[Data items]
....

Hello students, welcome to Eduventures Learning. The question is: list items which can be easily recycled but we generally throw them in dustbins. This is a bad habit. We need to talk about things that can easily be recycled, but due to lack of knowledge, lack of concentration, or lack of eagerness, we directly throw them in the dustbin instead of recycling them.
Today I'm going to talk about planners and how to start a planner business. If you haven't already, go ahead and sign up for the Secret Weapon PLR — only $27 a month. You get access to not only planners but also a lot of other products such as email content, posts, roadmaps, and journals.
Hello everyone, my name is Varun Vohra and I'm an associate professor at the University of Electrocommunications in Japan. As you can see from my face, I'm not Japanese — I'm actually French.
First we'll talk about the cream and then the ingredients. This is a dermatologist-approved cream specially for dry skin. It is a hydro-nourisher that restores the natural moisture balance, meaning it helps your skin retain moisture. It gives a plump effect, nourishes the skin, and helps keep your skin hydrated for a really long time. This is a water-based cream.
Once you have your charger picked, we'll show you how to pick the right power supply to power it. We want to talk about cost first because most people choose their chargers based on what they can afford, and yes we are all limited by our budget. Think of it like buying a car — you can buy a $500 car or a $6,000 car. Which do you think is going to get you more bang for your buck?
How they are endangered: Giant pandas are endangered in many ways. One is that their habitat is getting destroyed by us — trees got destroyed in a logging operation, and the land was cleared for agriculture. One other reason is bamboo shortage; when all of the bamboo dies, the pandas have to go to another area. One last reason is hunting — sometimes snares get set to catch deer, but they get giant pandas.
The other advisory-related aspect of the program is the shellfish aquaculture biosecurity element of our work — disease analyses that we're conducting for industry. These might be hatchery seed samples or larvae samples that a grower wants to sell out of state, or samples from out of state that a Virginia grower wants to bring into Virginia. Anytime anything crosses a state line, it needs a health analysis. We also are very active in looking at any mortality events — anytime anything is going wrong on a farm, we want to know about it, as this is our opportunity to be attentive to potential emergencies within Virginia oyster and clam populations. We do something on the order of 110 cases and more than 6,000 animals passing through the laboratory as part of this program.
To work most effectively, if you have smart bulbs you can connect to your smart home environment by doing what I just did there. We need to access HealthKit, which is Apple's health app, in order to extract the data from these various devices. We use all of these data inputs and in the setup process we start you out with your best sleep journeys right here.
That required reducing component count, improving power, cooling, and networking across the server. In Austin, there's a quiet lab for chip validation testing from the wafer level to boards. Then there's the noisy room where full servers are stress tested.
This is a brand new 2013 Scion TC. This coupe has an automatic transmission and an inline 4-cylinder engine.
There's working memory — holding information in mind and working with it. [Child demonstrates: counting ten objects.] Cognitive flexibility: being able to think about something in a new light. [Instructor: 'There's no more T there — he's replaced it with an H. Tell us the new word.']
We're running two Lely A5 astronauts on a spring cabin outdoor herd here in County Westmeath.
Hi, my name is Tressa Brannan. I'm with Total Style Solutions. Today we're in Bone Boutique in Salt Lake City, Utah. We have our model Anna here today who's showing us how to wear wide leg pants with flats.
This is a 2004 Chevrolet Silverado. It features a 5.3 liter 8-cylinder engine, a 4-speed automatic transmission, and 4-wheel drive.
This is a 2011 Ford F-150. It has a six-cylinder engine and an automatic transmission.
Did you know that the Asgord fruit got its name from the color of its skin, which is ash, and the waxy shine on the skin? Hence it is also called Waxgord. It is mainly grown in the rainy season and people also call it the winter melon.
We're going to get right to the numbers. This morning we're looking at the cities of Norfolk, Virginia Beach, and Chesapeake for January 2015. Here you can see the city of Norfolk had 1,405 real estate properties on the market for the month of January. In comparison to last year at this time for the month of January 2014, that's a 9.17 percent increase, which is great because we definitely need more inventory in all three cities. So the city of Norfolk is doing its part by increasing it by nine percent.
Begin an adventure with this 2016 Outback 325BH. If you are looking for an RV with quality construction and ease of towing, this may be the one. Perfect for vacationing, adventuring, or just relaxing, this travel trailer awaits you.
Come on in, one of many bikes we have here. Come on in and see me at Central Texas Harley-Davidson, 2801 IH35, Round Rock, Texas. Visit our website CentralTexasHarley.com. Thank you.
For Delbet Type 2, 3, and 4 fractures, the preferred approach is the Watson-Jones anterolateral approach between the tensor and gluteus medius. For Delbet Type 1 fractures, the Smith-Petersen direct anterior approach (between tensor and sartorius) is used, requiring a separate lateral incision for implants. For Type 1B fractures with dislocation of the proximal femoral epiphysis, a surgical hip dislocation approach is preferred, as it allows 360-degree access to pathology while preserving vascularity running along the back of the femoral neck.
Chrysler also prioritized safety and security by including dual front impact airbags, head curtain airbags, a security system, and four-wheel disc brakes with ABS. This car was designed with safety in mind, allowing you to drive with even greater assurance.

....

_Required action_.
Give the count of lines in the records above that hold the string "mind", and only that count.

_Answer below_.
2